Some of the lines below need repeating. Reproduce exactly those between the lines holding "Labradorite Earrings handcrafted" and "USA American Flag", inclusive.

→ RECORDS
===============
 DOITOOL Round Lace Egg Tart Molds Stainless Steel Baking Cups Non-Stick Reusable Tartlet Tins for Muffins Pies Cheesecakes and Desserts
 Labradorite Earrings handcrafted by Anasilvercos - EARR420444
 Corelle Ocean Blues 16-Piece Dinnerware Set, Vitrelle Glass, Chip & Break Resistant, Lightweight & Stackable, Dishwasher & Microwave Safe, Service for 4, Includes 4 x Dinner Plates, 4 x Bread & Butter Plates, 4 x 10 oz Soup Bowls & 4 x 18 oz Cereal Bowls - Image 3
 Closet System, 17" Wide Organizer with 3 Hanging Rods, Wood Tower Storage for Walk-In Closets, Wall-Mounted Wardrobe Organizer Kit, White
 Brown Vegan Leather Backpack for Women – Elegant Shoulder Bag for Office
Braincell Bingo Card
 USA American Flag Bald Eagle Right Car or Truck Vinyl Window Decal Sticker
===============
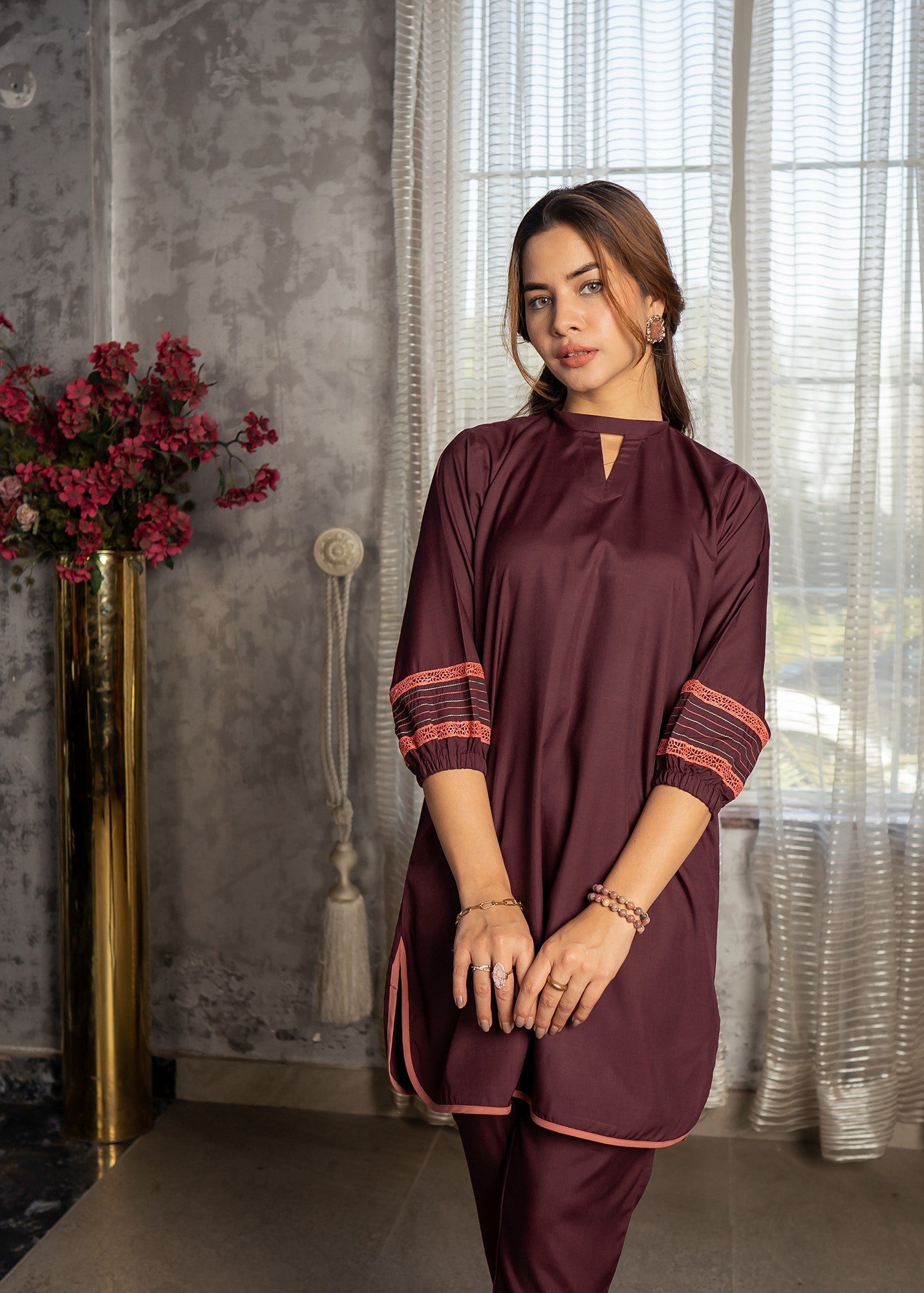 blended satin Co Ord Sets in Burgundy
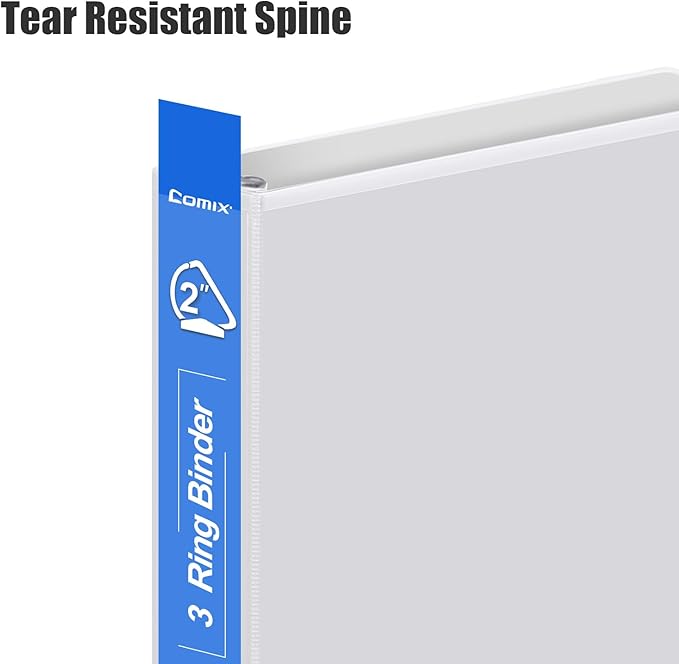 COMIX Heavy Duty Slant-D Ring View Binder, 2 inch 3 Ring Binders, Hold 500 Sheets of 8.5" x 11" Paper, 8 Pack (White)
===============
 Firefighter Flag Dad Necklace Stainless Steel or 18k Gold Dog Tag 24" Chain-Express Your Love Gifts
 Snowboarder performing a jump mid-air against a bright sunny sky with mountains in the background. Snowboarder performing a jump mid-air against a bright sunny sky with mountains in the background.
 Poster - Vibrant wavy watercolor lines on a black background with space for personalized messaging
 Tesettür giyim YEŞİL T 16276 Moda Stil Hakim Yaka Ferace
===============
→ RESPONSE AREA
 Labradorite Earrings handcrafted by Anasilvercos - EARR420444
 Corelle Ocean Blues 16-Piece Dinnerware Set, Vitrelle Glass, Chip & Break Resistant, Lightweight & Stackable, Dishwasher & Microwave Safe, Service for 4, Includes 4 x Dinner Plates, 4 x Bread & Butter Plates, 4 x 10 oz Soup Bowls & 4 x 18 oz Cereal Bowls - Image 3
 Closet System, 17" Wide Organizer with 3 Hanging Rods, Wood Tower Storage for Walk-In Closets, Wall-Mounted Wardrobe Organizer Kit, White
 Brown Vegan Leather Backpack for Women – Elegant Shoulder Bag for Office
Braincell Bingo Card
 USA American Flag Bald Eagle Right Car or Truck Vinyl Window Decal Sticker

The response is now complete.